SMRT staff inspecting at a platform of Joo Koon station on the morning of 15 November 2017 after a moving train hit a stationary train at the station, causing injuries to 28 persons.  (Yahoo News Singapore file photo)

A “software logic issue” with the new Communications-Based Train Control (CBTC) signalling system that is being installed on the East-West Line (EWL) was the “root cause” of last month’s train collision at Joo Koon MRT station.

The Land Transport Authority said on Monday (18 December) that its latest findings are consistent with its initial investigations, which were presented to the media on 21 November.
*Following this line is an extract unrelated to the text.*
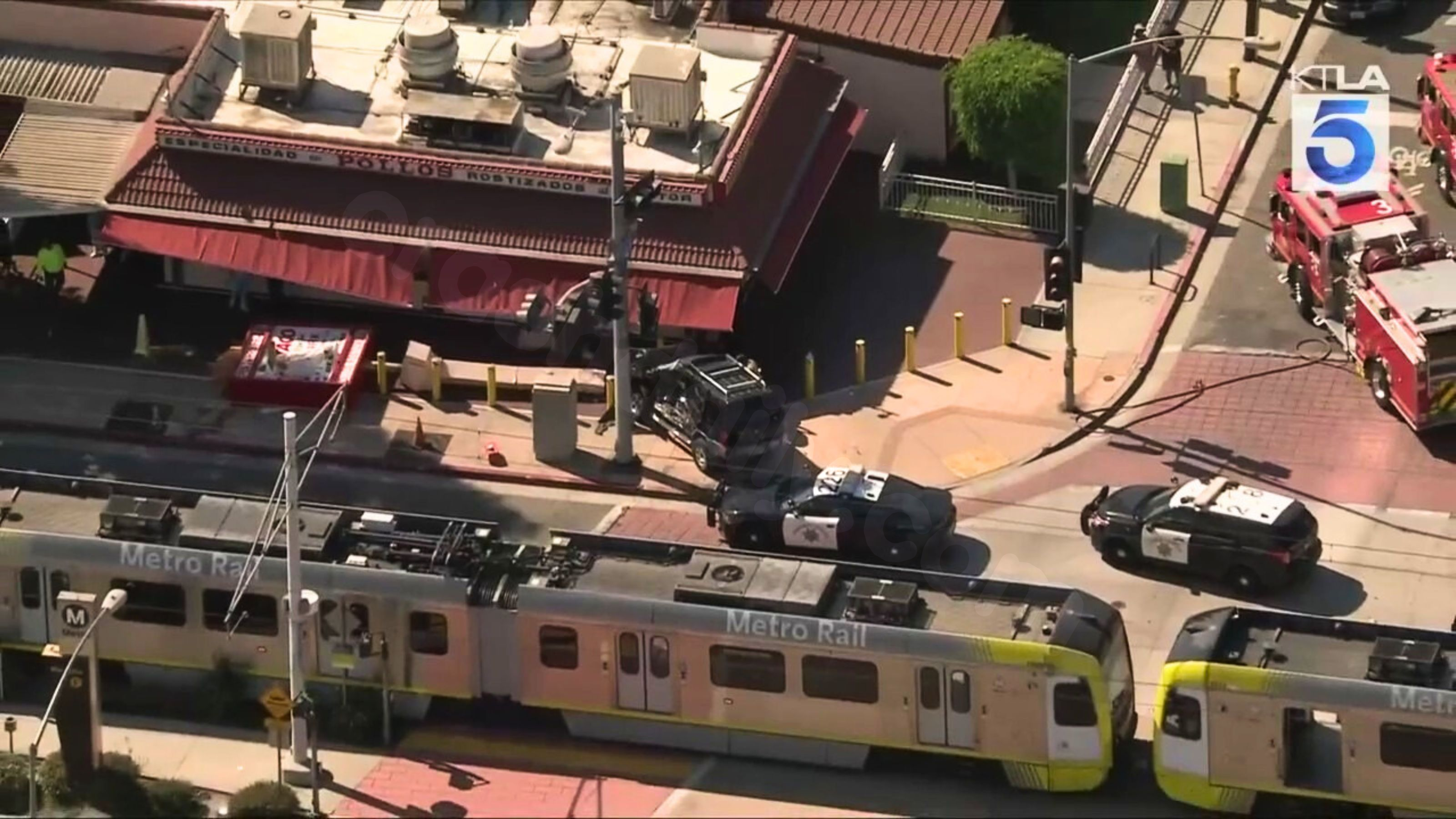 Vehicle crashes into train, rams into King Taco in East LA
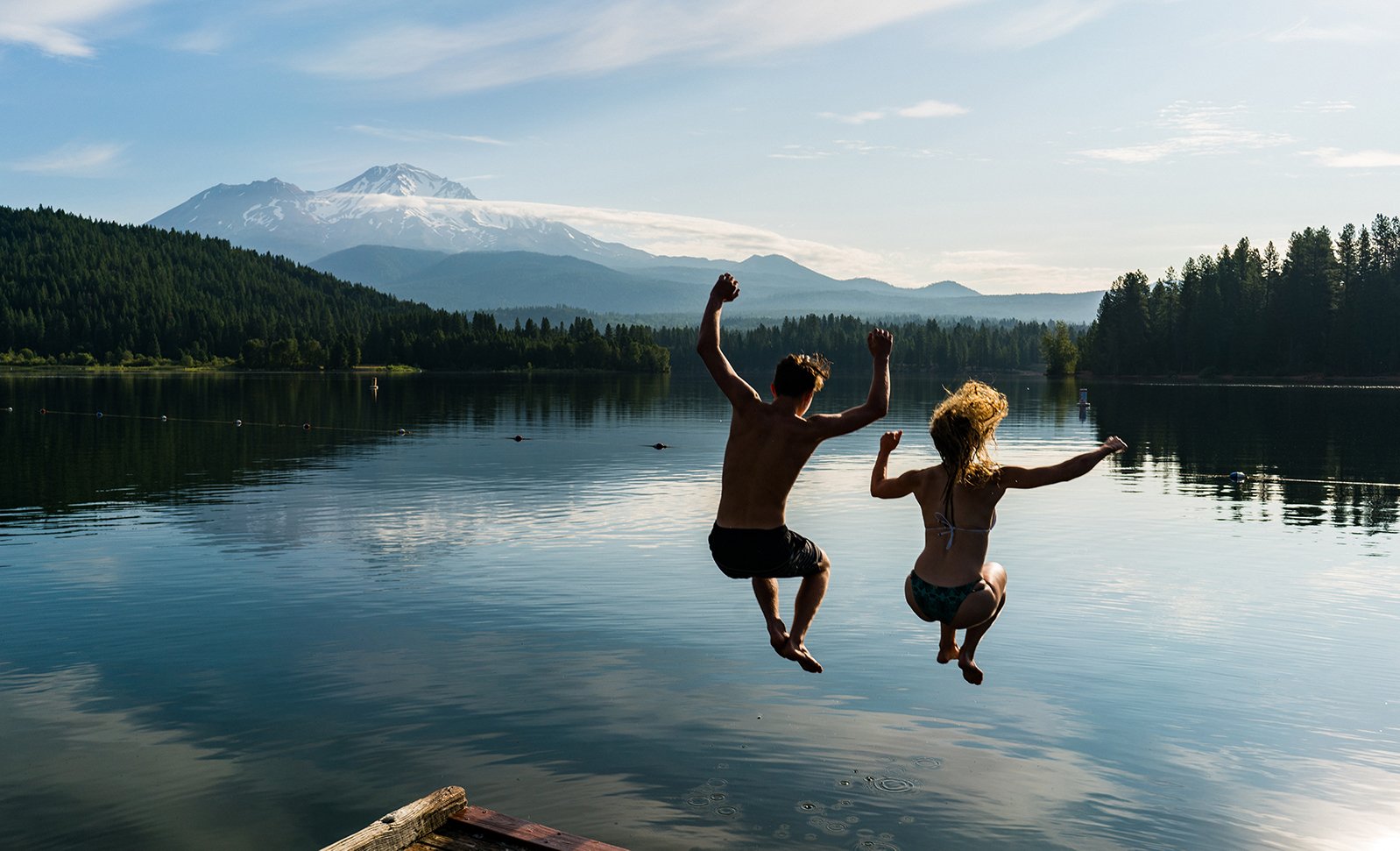 A man and woman jump into Lake Siskiyou with Mt. Shasta in the background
In its news release, the LTA said it had corroborated its findings with CBTC system supplier Thales and that extensive tests and analyses – conducted by the authority, SMRT and Thales – had confirmed the confluence of various “failure conditions” that led to the collision.

This included an “abnormal condition” in the train-borne CBTC equipment, which prevented the train that was hit from communicating with the trackside CBTC equipment. Under normal conditions, such an occurrence would trigger the activation of a protective “bubble” that would ensure the affected train’s safety.

That day, however, the affected train crossed the only track point that had not been fully modified to be compatible with the CBTC system. This led to the train’s protective bubble being deactivated, which subsequently led to it being hit by the train behind it at Joo Koon station.

Moving forward

The LTA said the failure conditions stemmed from operating two signalling systems along the same line. As a precaution, train services along the Tuas West Extension – which operates on the new CBTC system – have been separated from the rest of the EWL since 20 November.

Thales has also completed its modification work on the incompatible track point and has tweaked the software logic of the CBTC system to prevent any future inadvertent disabling of a train’s protective bubble.

The French multinational company will also be setting up a CBTC simulation facility in Singapore to strengthen its testing processes along the North-South Line and EWL.

“This new facility will allow us to perform additional simulation tests which are tailored to the environmental and infrastructural conditions of the rail network in Singapore,” said the LTA.

The facility will be built in two phases, the first of which will be completed by the first half of 2018. This will enable off-site testing of the EWL’s CBTC signalling system before it is rolled out for passenger services.

The second phase, due to be completed by the end of next year, will augment the facility’s CBTC system testing capabilities.